Вы здесь

Кожинов В.В. Что такое мастерство писателя. 1968 г.

Об одном поэте Пушкин сказал так: «В нем не вижу я ни капли творчества, а много искусства...»

А Грибоедов в ответ на замечание одного из своих друзей, поэта Катенина, что в «Горе от ума», как ему кажется, «дарования более, нежели искусства», писал: «Самая лестная похвала, которую ты мог мне сказать, не знаю, стою ли ее? Искусство в том только и состоит, чтоб подделываться под дарование...»

В последние десятилетия слово «искусство» заменилось в этом значении словом «мастерство». О мастерстве и пойдет речь.
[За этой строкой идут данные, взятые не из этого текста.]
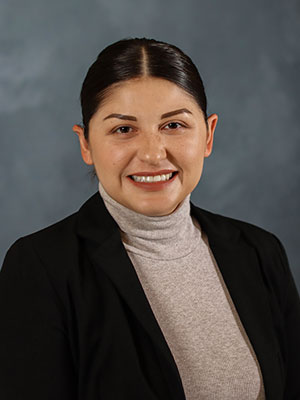 Christina Lewis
Нелепо было бы думать, что Пушкин и Грибоедов отрицали значение мастерства. И я полагаю, что «подделываться под дарование» можно в двух совершенно разных смыслах: с одной стороны, скрывать под изощренной словесной вязью отсутствие дарования, с другой – создавать такие способы претворения слова, которые позволят воплотить, то есть явить во плоти, действительное дарование, реальную внутреннюю волю к творчеству. Эта воля сама по себе еще не рождает произведение; нельзя творить без мастерства. Ведь творить – значит, в частности, созидать, производить определенную вещь. А созидать вне мастерства невозможно. Не только многие читатели, но и немалая часть критиков, и даже иные писатели, полагают, как это ни печально, что художник слова в принципе просто «пишет», подобно всякому пишущему человеку, хотя и делает это с особенной тщательностью, продуманностью, уменьем.

На самом деле настоящий художник слова именно созидает, творит реальность своего романа или поэмы — так же, как творит свое произведение ваятель, музыкант, артист.
Творчество в слове предполагает напряженную деятельность не только умственных и эмоциональных, но даже и физических, телесных сил художника слова. Маяковский свидетельствовал: «Я стихи пишу всем телом... Шагаю по комнате, протягиваю руки, жестикулирую, расправляю плечи. Всем телом делаю стихи».

Но может быть, это личное своеобразие данного поэта? Конечно, едва ли обязательно нужно «шагать и жестикулировать», однако о том же, по сути дела, говорил совсем непохожий на Маяковского Заболоцкий: «Поэт работает всем своим существом одновременно: разумом, сердцем, душою, мускулами. Он работает всем организмом...» И Блок писал о «Возмездии»: «Все движение и развитие поэмы для меня тесно соединилось с развитием мускульной системы».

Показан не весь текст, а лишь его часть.